Gerade noch hat der von Laurenz Laufenberg verkörperte kleine Nazi der jungen Anna alias Alina Stiegler kindlich-verdruckst was von Idealen und geheimen Verschwörungen vorschwadroniert, da wird sie auch schon von ihm vergewaltigt. Kurz darauf sieht man ihn ein verpunkrocktes Nazilied schreien: im Gasthaus Lehninger, das die örtliche Rechte hier für eine Zusammenkunft nutzt. Im Halbdunkel zucken finstere Leiber beim Pogo. "Deutschland erwache!" singt krächzend der kleine Nazi mit beängstigendem Organ. Und ähnlich finstere Parolen, die teilweise den AfD-Frontmännern Alexander Gauland und Björn Höcke abgelauscht sind.

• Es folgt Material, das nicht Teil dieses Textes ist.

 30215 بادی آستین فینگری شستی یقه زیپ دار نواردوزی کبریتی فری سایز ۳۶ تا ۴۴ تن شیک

ItalienischeNacht2 560 Arno Declair uDas Gasthaus Lehninger (Bühne: Nina Wetzel). Alina Stiegler (Anna), Sebastian Schwarz (Martin) © Arno Declair

Eigentlich wollten die örtlichen Demokraten im Gasthaus eine eigene Veranstaltung machen, nämlich die titelgebende "Italienische Nacht". Nun müssen sie für ein paar Stunden den Laden räumen, damit hier die Nazis rocken können. Erst dann kann die Reichskriegsflagge gegen spießige Girlanden in italienischen Nationalfarben ausgetauscht werden und die Provinzkombo "Die Ricardos" zum Schwoof der ranzigen Demokraten mit ihren aufgebrezelten Gattinen aufspielen.

Um diese Kämpfe um das Gasthaus als Veranstaltungsort für konkurrierende Interessensverbände herum hat Horváth 1930 sein Stück gebaut. Im Mikrokosmos dieses Ortes und seiner Gäste malt er damit ein milieustarkes Zeitbild der zersplitterten demokratische Kräfte vor dem Hintergrund des aufkommenden Faschismus, die sich untereinander in Richtungskämpfen aufreiben und zerfleischen, statt sich gegen die Nazis zwecks Verteidigung der Demokratie zu verbünden.